Task directions >> Could you repeat every line below exactly, skipping the images?

# # # # # # #

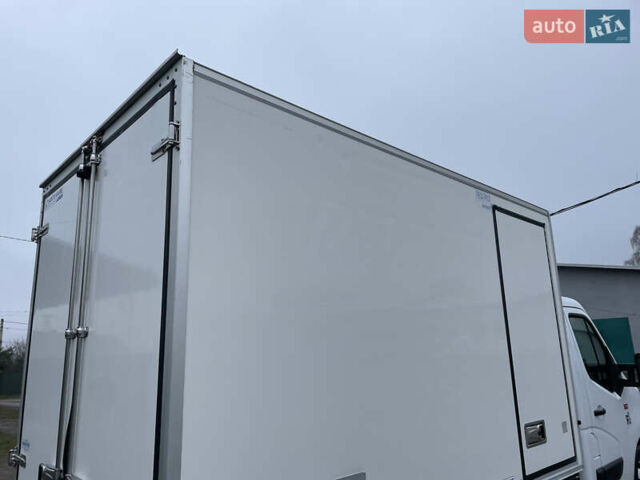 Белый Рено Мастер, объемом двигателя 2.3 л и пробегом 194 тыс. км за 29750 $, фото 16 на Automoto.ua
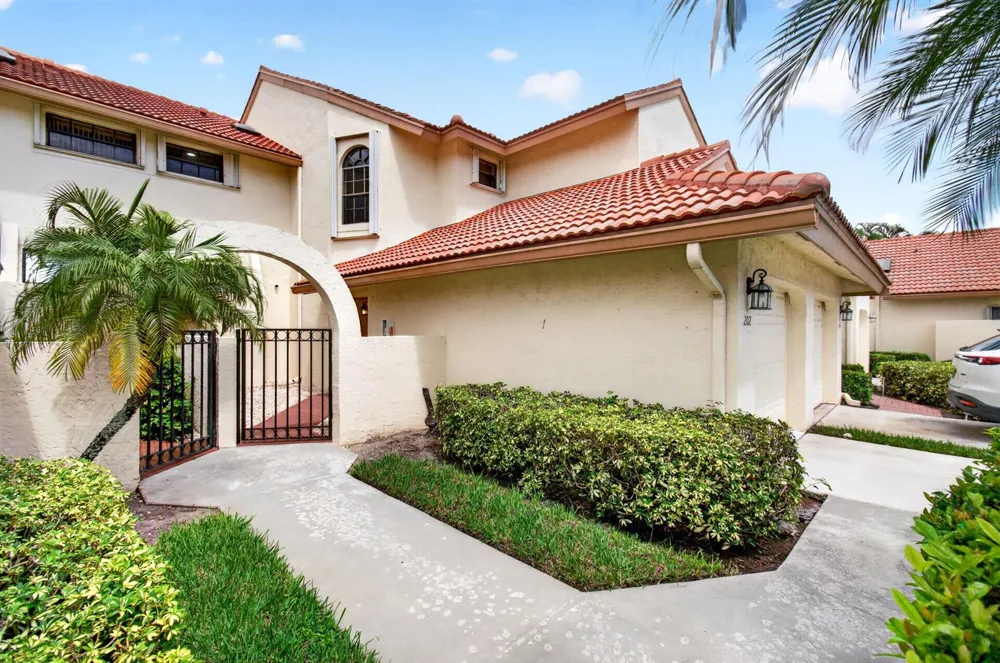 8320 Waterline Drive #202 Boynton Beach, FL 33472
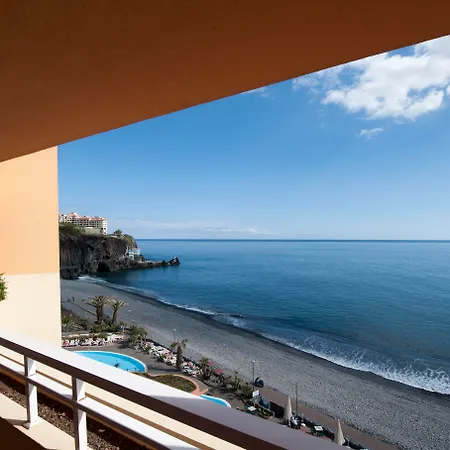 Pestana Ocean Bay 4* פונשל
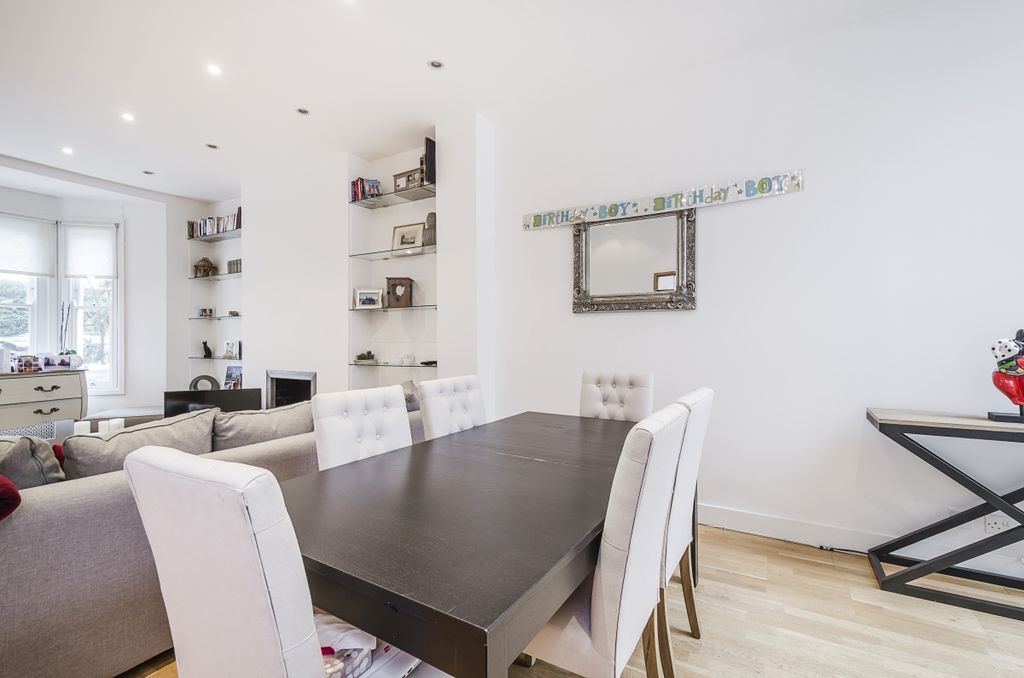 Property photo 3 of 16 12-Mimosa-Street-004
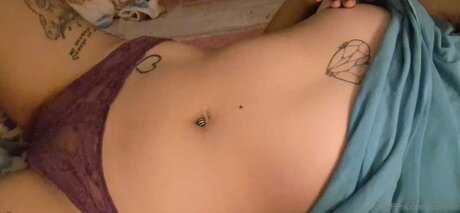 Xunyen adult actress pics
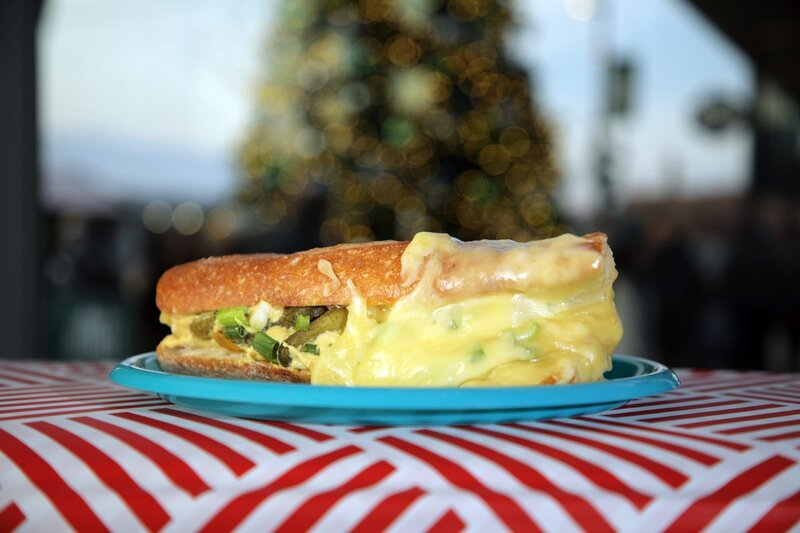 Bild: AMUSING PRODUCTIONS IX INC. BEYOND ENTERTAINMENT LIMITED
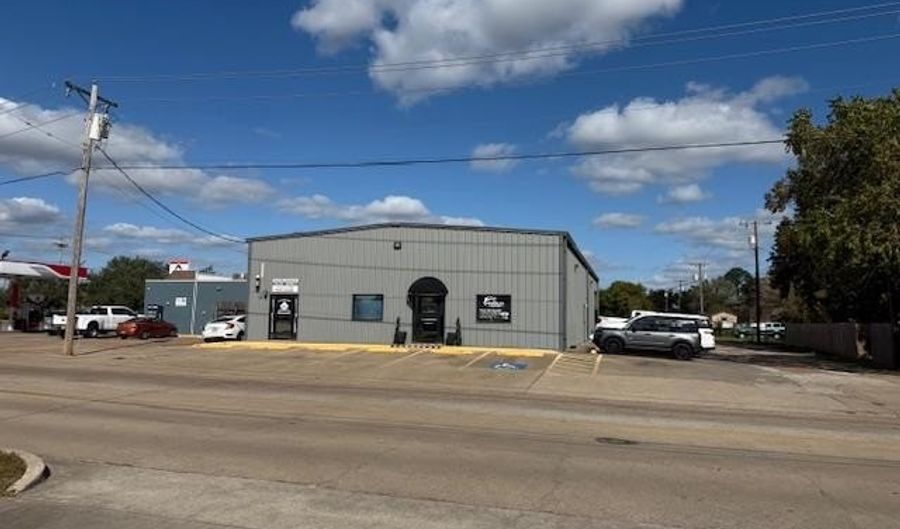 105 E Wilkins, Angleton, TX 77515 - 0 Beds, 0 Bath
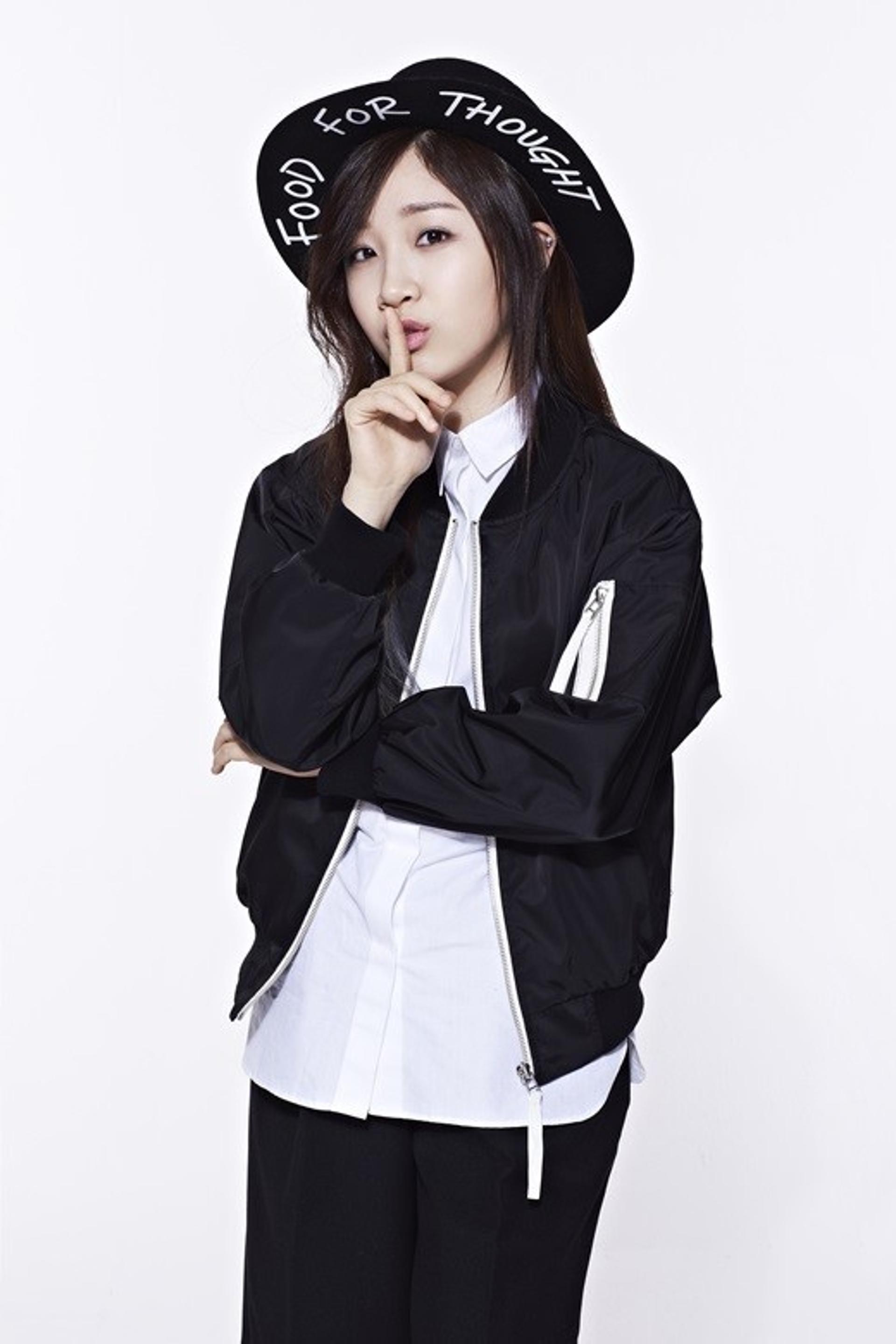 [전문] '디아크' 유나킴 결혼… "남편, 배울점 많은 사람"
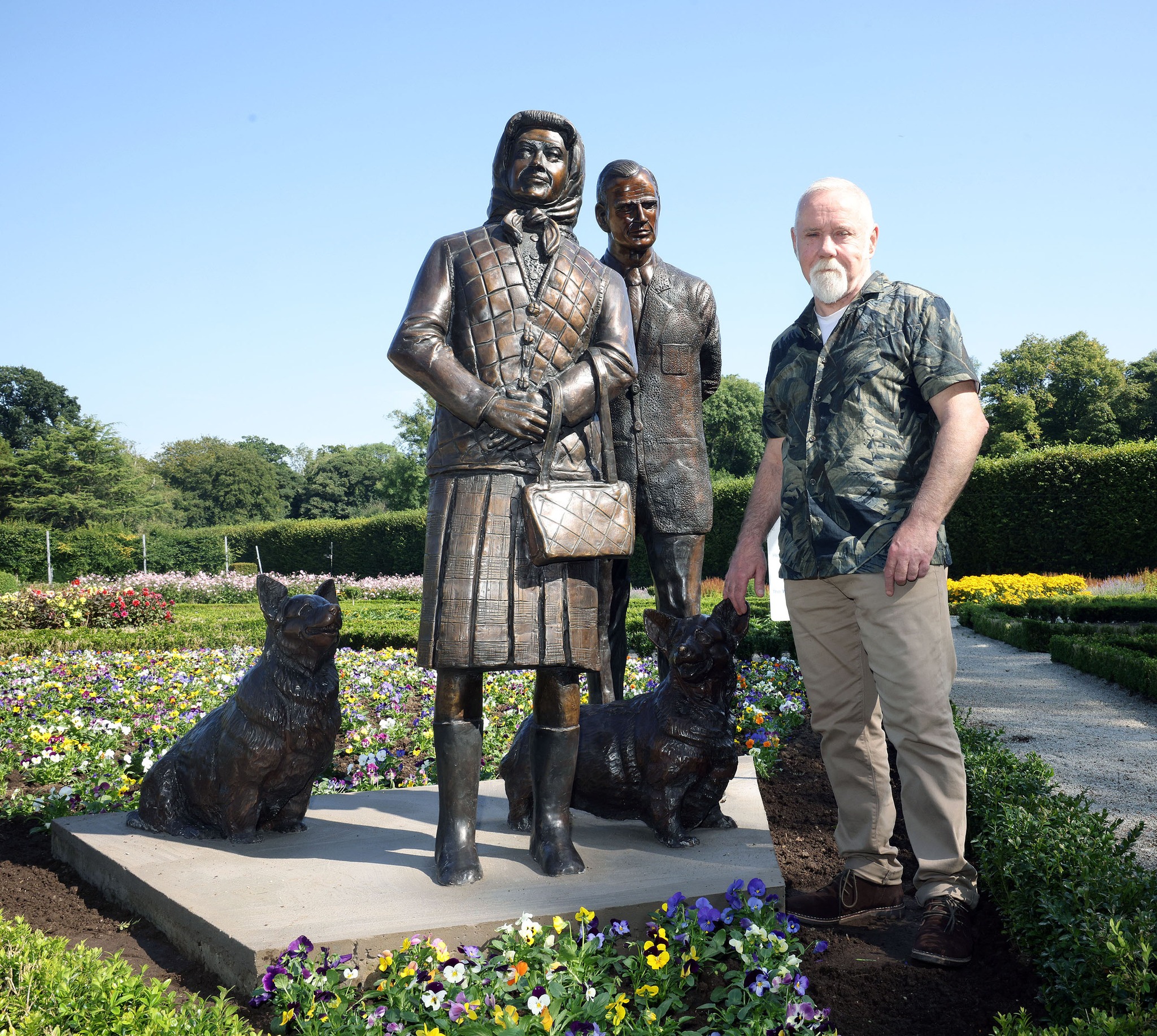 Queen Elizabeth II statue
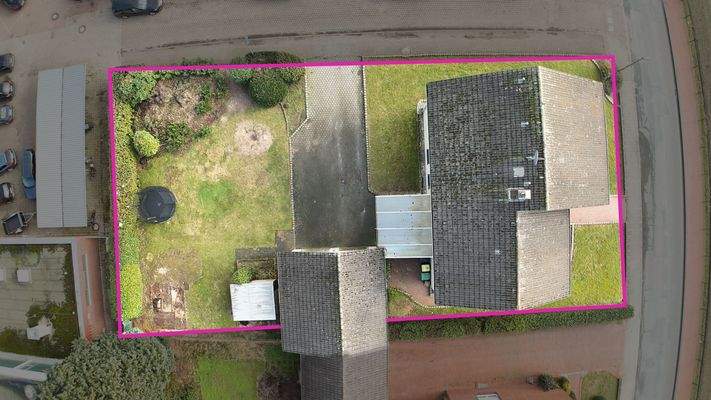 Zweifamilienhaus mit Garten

# # # # # # #

Your solution >>
 Белый Рено Мастер, объемом двигателя 2.3 л и пробегом 194 тыс. км за 29750 $, фото 16 на Automoto.ua
 8320 Waterline Drive #202 Boynton Beach, FL 33472
 Pestana Ocean Bay 4* פונשל
 Property photo 3 of 16 12-Mimosa-Street-004
 Xunyen adult actress pics
 Bild: AMUSING PRODUCTIONS IX INC. BEYOND ENTERTAINMENT LIMITED
 105 E Wilkins, Angleton, TX 77515 - 0 Beds, 0 Bath
 [전문] '디아크' 유나킴 결혼… "남편, 배울점 많은 사람"
 Queen Elizabeth II statue
 Zweifamilienhaus mit Garten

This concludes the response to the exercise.